StreamGenerator creates synthetic streams for benchmarking. It generates TextStreamResult with configurable event patterns.

func (*StreamGenerator) Generate added in v1.7.0

func (g *StreamGenerator) Generate() *TextStreamResult

Generate creates a new TextStreamResult with synthetic events. The stream is generated in a goroutine and returned immediately.

type TextStreamEvent

type TextStreamEvent struct {
	Type  EventType
	Value any
}

TextStreamEvent represents an event in the text stream

type TextStreamResult

type TextStreamResult struct {
	Stream <-chan TextStreamEvent
}

TextStreamResult represents a stream of text events

func NewStreamFromString

func NewStreamFromString(text string) *TextStreamResult

func (*TextStreamResult) ReadAll

func (t *TextStreamResult) ReadAll() (string, error)

type TokenUsage added in v1.4.0

type TokenUsage struct {
	InputTokens  int64 `json:"input_tokens"`
	OutputTokens int64 `json:"output_tokens"`
}

TokenUsage represents token usage statistics for an LLM request

type TokenUsageLoggingWrapper added in v1.4.0

type TokenUsageLoggingWrapper struct {
	// contains filtered or unexported fields
}

TokenUsageLoggingWrapper wraps a LanguageModel to log token usage

func NewTokenUsageLoggingWrapper added in v1.4.0

func NewTokenUsageLoggingWrapper(wrapped LanguageModel, botUsername string, tokenLogger *mlog.Logger, metrics MetricsObserver) *TokenUsageLoggingWrapper

NewTokenUsageLoggingWrapper creates a new wrapper that logs token usage

func (*TokenUsageLoggingWrapper) ChatCompletion added in v1.4.0

ChatCompletion intercepts the streaming response to extract and log token usage

func (*TokenUsageLoggingWrapper) ChatCompletionNoStream added in v1.4.0

func (w *TokenUsageLoggingWrapper) ChatCompletionNoStream(request CompletionRequest, opts ...LanguageModelOption) (string, error)

ChatCompletionNoStream uses the streaming method internally, so token usage logging happens automatically when ReadAll() processes the intercepted stream

func (*TokenUsageLoggingWrapper) CountTokens added in v1.4.0

func (w *TokenUsageLoggingWrapper) CountTokens(text string) int

CountTokens delegates to the wrapped model

func (*TokenUsageLoggingWrapper) InputTokenLimit added in v1.4.0

func (w *TokenUsageLoggingWrapper) InputTokenLimit() int

InputTokenLimit delegates to the wrapped model

type Tool

type Tool struct {
	Name        string
	Description string
	Schema      any
	Resolver    ToolResolver
}

Tool represents a function that can be called by the language model during a conversation.

Each tool has a name, description, and schema that defines its parameters.

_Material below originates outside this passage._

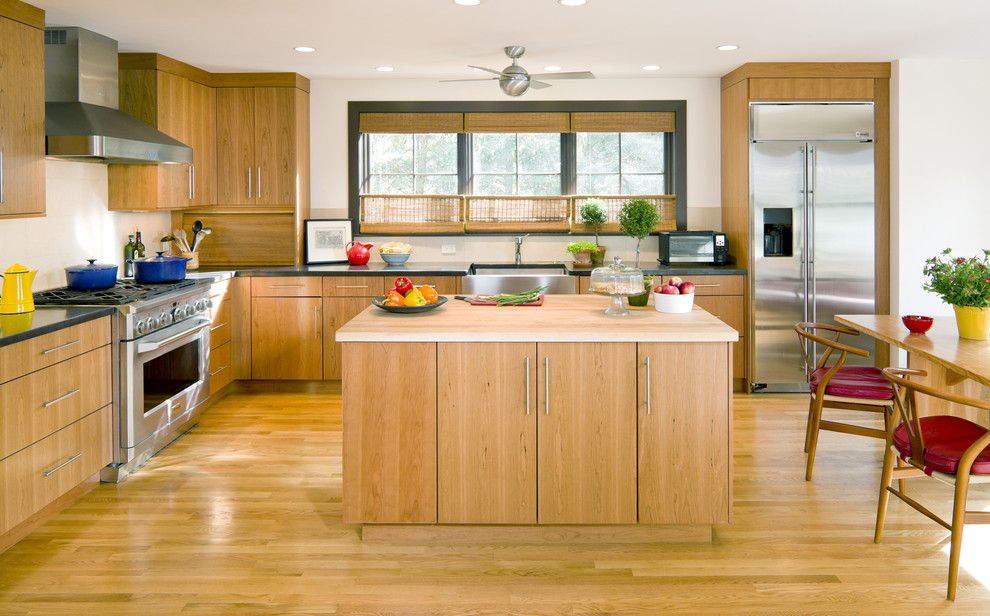 Amaron for a Contemporary Kitchen with a Simple and Accessible Leed Residence Kitchen by Lda Architecture & Interiors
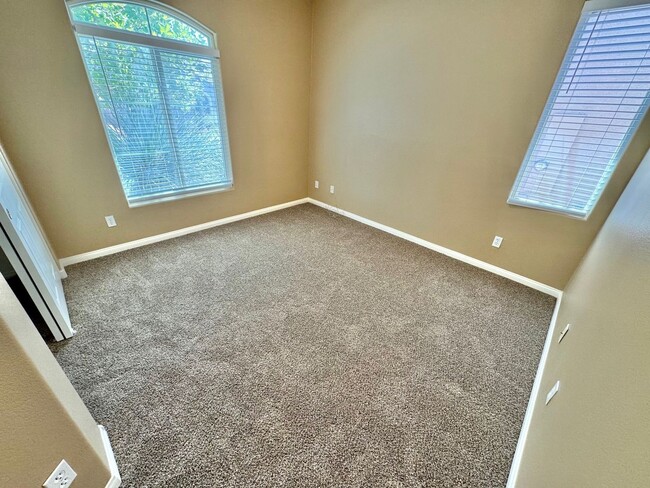 Building Photo - BEAUTIFUL 3 BEDROOM CONDO IN THE STETSON R...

These are passed to the LLM for it to understand what capabilities it has. It is the Resolver function that implements the actual functionality.

The Schema field should contain a JSONSchema that defines the expected structure of the tool's arguments. The Resolver function receives the conversation context and a way to access the parsed arguments, and returns either a result that will be passed to the LLM or an error.

func (Tool) WithBoundParams added in v1.8.0

func (t Tool) WithBoundParams(params map[string]interface{}) Tool

WithBoundParams creates a new Tool with parameters bound to fixed values. Bound parameters are: - Removed from the schema (LLM cannot see or manipulate them) - Automatically injected when the resolver is called

type ToolArgumentGetter

type ToolArgumentGetter func(args any) error

type ToolAuthError added in v1.4.0

type ToolAuthError struct {
	ServerName string `json:"server_name"`
	AuthURL    string `json:"auth_url"`
	Error      error  `json:"error"`
}

ToolAuthError represents an authentication error that occurred during tool creation

type ToolCall

type ToolCall struct {
	ID          string          `json:"id"`
	Name        string          `json:"name"`
	Description string          `json:"description"`
	Arguments   json.RawMessage `json:"arguments"`
	Result      string          `json:"result"`
	Status      ToolCallStatus  `json:"status"`
}

ToolCall represents a tool call. An empty result indicates that the tool has not yet been resolved.

func (*ToolCall) SanitizeArguments added in v1.7.0

func (tc *ToolCall) SanitizeArguments()

SanitizeArguments sanitizes the Arguments field to prevent bidirectional text and other Unicode spoofing attacks.

type ToolCallStatus

type ToolCallStatus int

ToolCallStatus represents the current status of a tool call

const (
	// ToolCallStatusPending indicates the tool is waiting for user approval/rejection
	ToolCallStatusPending ToolCallStatus = iota
	// ToolCallStatusAccepted indicates the user has accepted the tool call but it's not resolved yet
	ToolCallStatusAccepted
	// ToolCallStatusRejected indicates the user has rejected the tool call
	ToolCallStatusRejected
	// ToolCallStatusError indicates the tool call was accepted but errored during resolution
	ToolCallStatusError
	// ToolCallStatusSuccess indicates the tool call was accepted and resolved successfully
	ToolCallStatusSuccess
)

type ToolInfo added in v1.7.0

type ToolInfo struct {
	Name        string
	Description string
}

ToolInfo represents basic information about a tool without its full implementation. Used to inform LLMs about tools that are unavailable in the current context.

type ToolResolver

type ToolResolver func(context *Context, argsGetter ToolArgumentGetter) (string, error)

type ToolStore

type ToolStore struct {
	// contains filtered or unexported fields
}

func NewNoTools

func NewNoTools() *ToolStore

func NewToolStore

func NewToolStore(log TraceLog, doTrace bool) *ToolStore

func (*ToolStore) AddAuthError added in v1.4.0

func (s *ToolStore) AddAuthError(authError ToolAuthError)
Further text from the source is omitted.